All ISBHF official events are held in full sized hockey arenas (generally around 200 feet long x 85 feet wide, 60.96 m x 25.91 m). When played on dry surface (no ice) of a hockey rink, six players, including the goalie, often referred to as 5 + 1, compete against the opposing team’s six players. Extra players are kept on each bench, outside the playing surface, and interchanged with the six on the floor, either during play or at a stoppage of play, to keep players fresh. However, in the game’s most basic form, any size or type of non-slip flooring can be used as a playing surface, such as dry-pad hockey arenas, tennis courts, or gymnasiums – when played on smaller surfaces, fewer players can be used during play, such as 3 + 1, or 4 + 1.

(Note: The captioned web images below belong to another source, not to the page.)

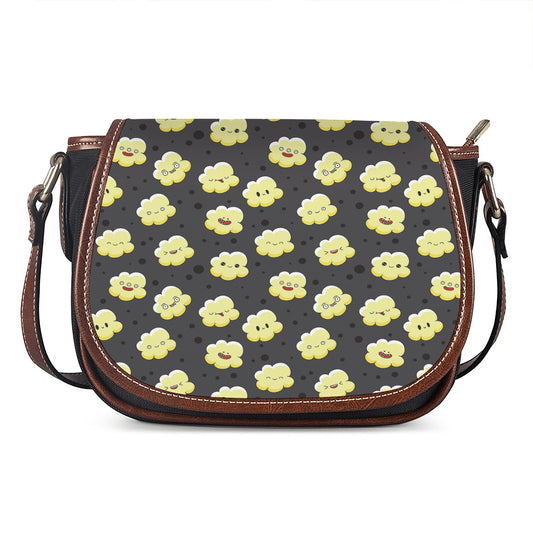 Cute Popcorn Pattern Print Saddle Bag
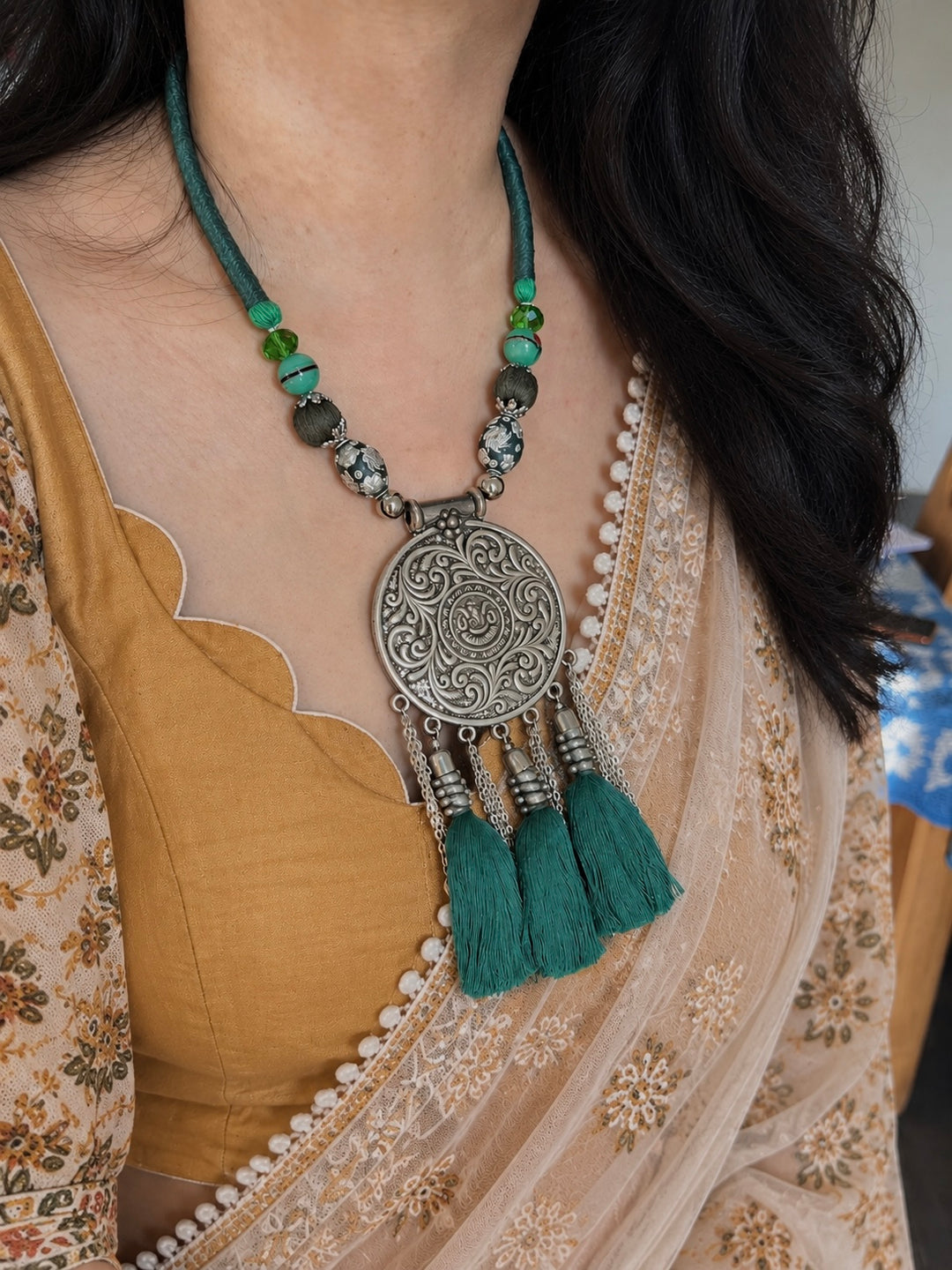 Divine Ganesha Tribal Brass Necklace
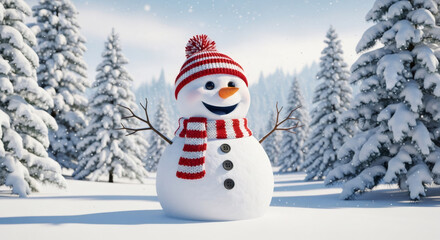 Fototapeta premium Cheerful snowman wearing red and white striped scarf and hat stands in snowy landscape surrounded by evergreen trees, embodying festive spirit of Christmas and New Year celebrations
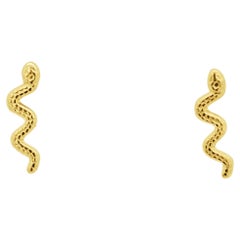 14K Solid Gold Snake Stud Earrings In Screw Back Closure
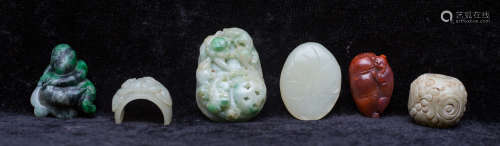 A set of jade carvings.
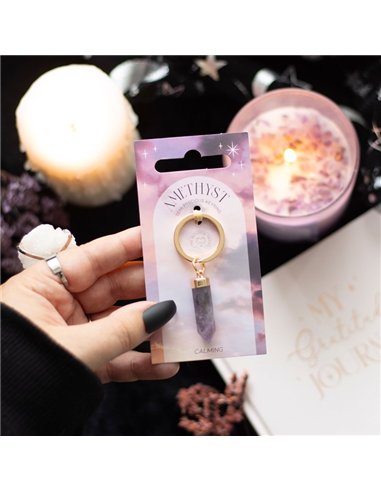 Amethyst Semi Precious Crystal Keyring MG_88023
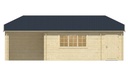 Blokhut - Tuinhuis - Home Office 44mm Sibella met overkapping Prijs exclusief dakbedekking - dient apart besteld te worden Dakleer: 56,5 m² / Shingles: 48 m² Afmeting: L850xB420xH317cm 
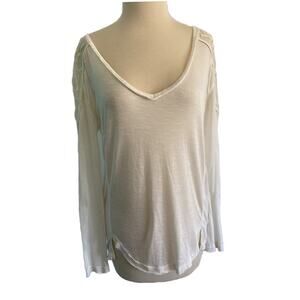 XS Free People Ivory Lace Detail Long Sleeve Top Shirt Blouse V-neck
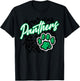 Panthers Leopard Print Paw Green Panther Pride School Spirit T-Shirt - T-Shirt | Black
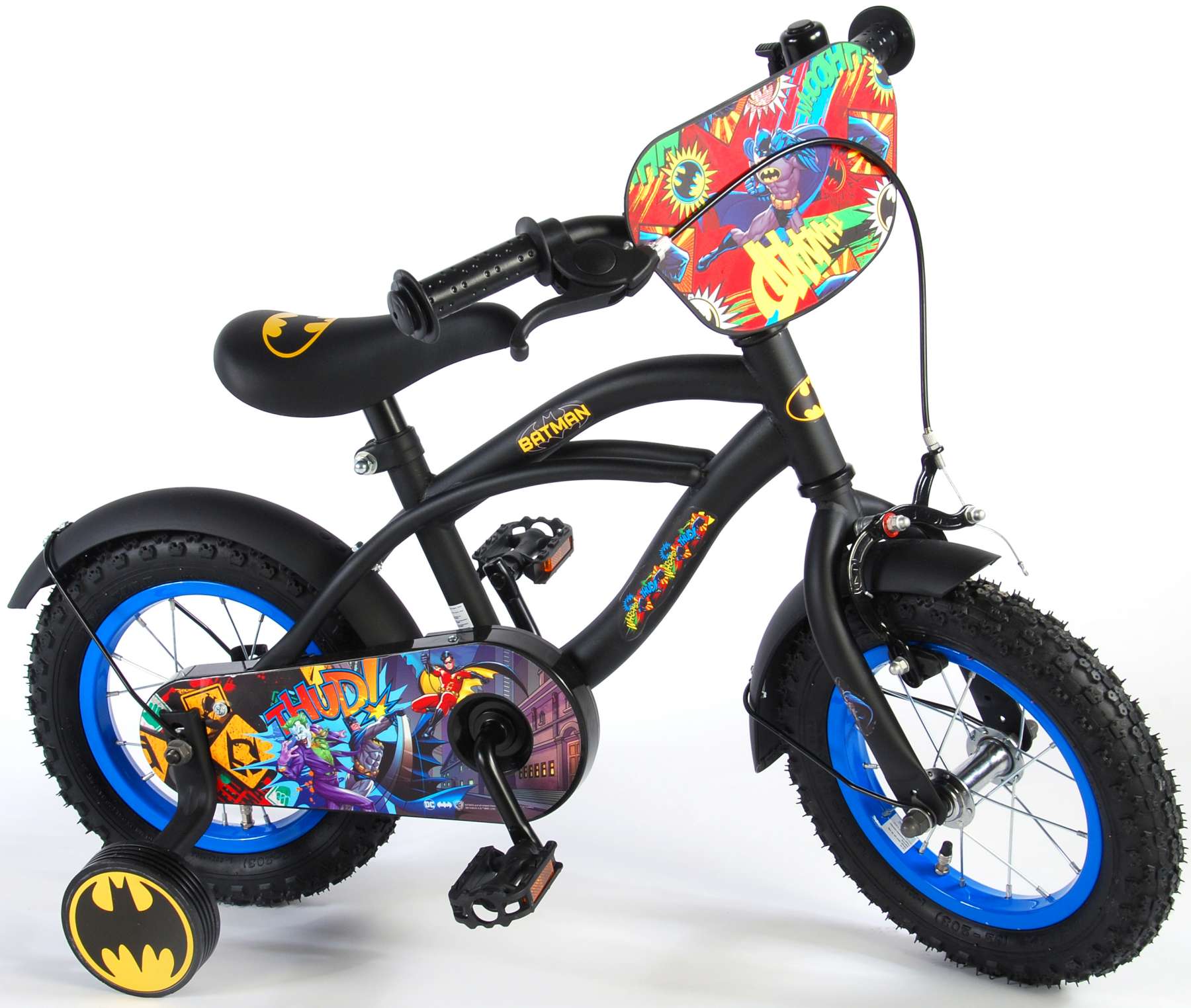Warner Bros | Jongens Kinderfiets Batman, 12 inch, Zwart - Afbeelding 3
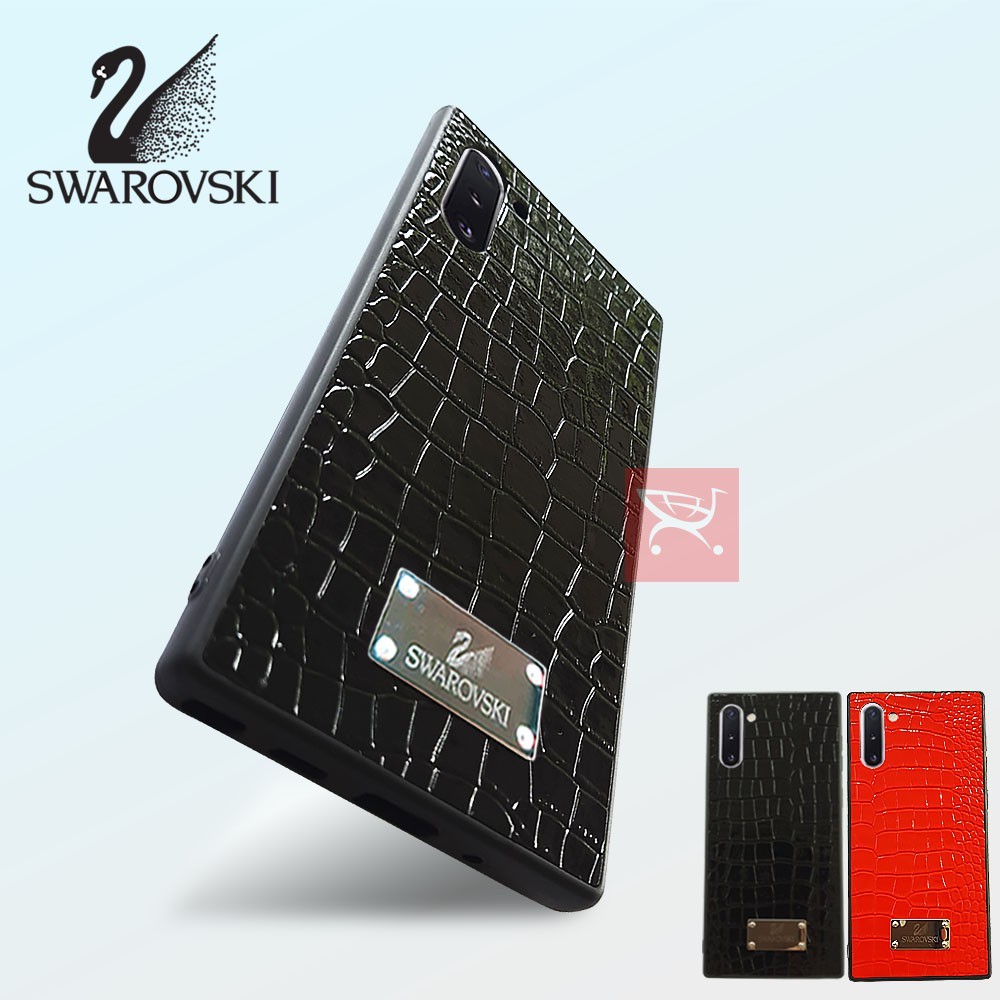 [ CUCI GUDANG ] Case Hp Samsung Note 10 SWAROVSKI Leather Hybrid Softcase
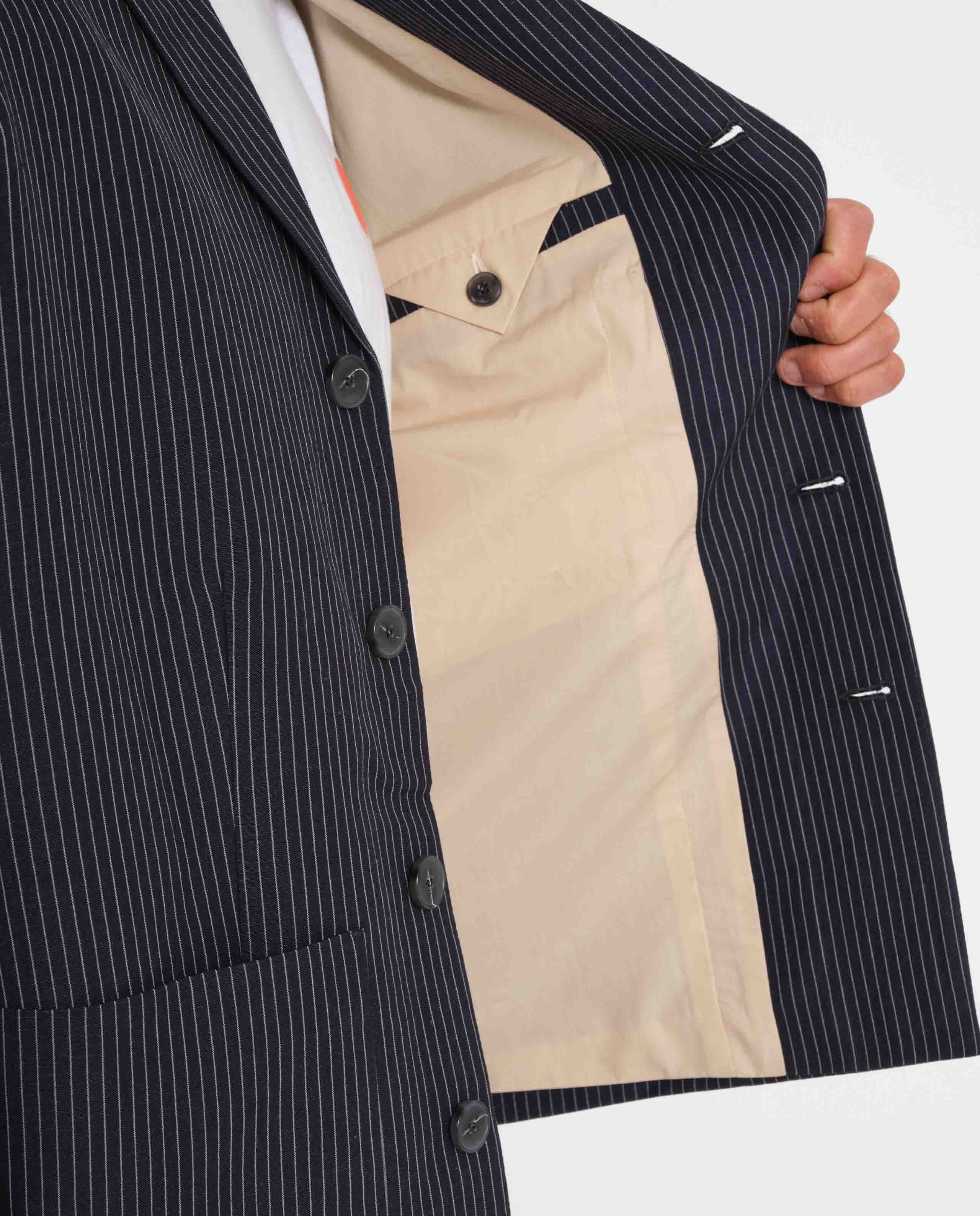 Blazer rayé en coton bio et lin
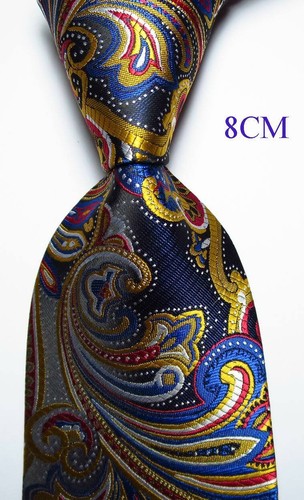 New Classic Paisley JACQUARD WOVEN 100% Silk Men's Tie Necktie - Afbeelding 2 van 15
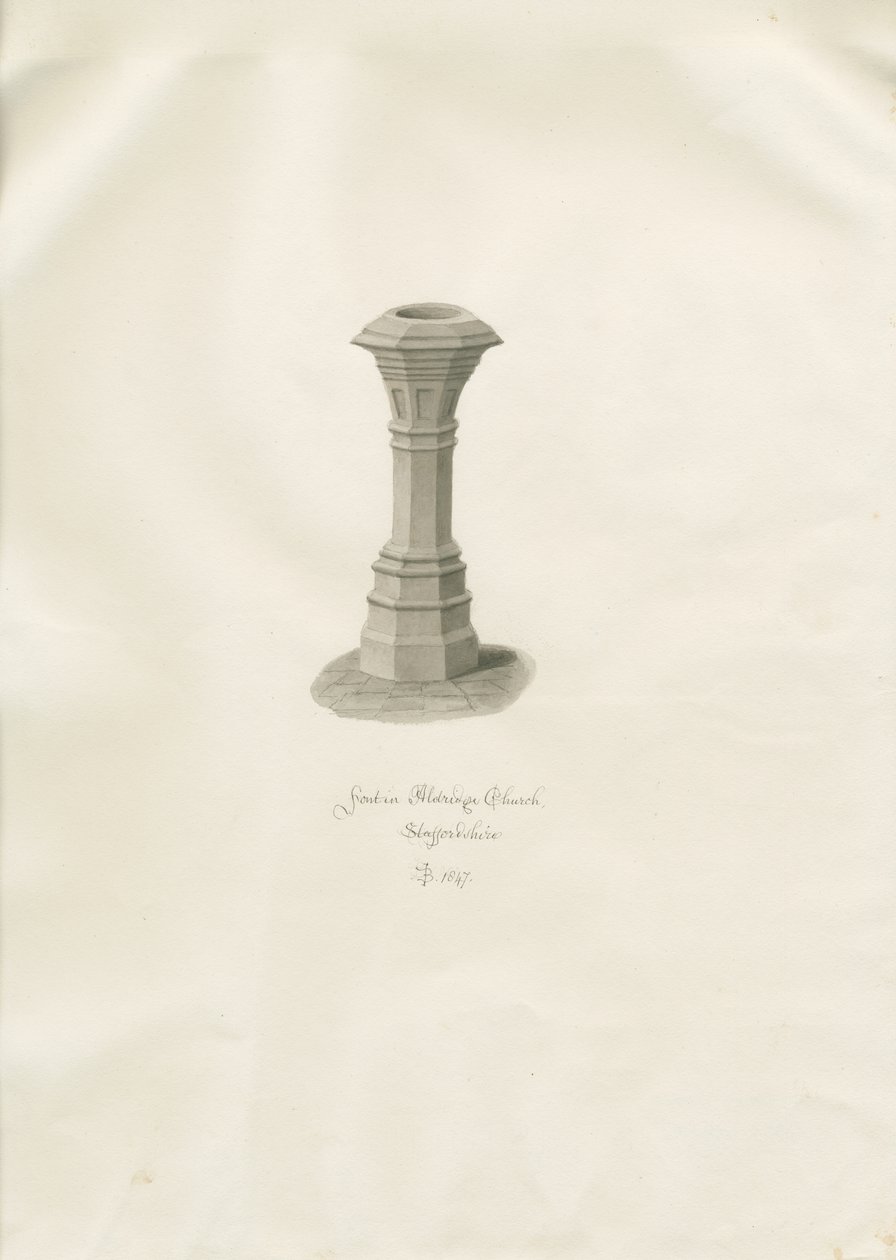 Font in Aldridge Church: Sepia Drawing by John Buckler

Games are played in periods of equal time, most often in the international standard of 3 x 15 minutes stop-time, meaning that the clock is stopped following a stoppage in play – after a goal, penalty, offside, flooring, ball out of play or goaltender holding the ball for a few seconds. Some of the basic ball hockey rules include:

  • Offside:occurs when a player enters an opponent team’s zone (the area from behind their net to their blue line) before the ball. The ball in play must cross the opponent’s blue line first before the player or any of his team-mates.
  • “Floating Blue Line”: expansion of the offensive zone occurs once a team crosses the opponent’s blue line with the ball. The attacking team will then have half of the entire playing surface within which to control the ball, from behind the opponent’s goal to the centre line of the area. If the defending team sends the ball past centre, the zone is reset to the blue line and their opponent must regain it as explained above.
  • Flooring (or icing): occurs when a team shoots the ball before physically crossing the centre line and the ball passes the opponent’s goal before any player, of either team, can touch it.
  • Penalties:are called when a player commits a foul. The offending player is then removed from the playing surface for a period of time, depending on the severity of the infraction, the team continues to play one player short until the penalty has elapsed.

Although the game is still very young, with the beginnings dating to 1960-70s in North America and 1980s in Europe, the sport has seen rapid development, moving from pickup games in streets and parking lots to full arenas, with thousands of fans watching and following the ISBHF World Championships. Today, tens of thousands of registered players around the world enjoy the beauty of the game. Since Street or Ball Hockey is not financially demanding and can be played almost anywhere, the fun, competition, excitement and team spirit of this sport are accessible to everyone.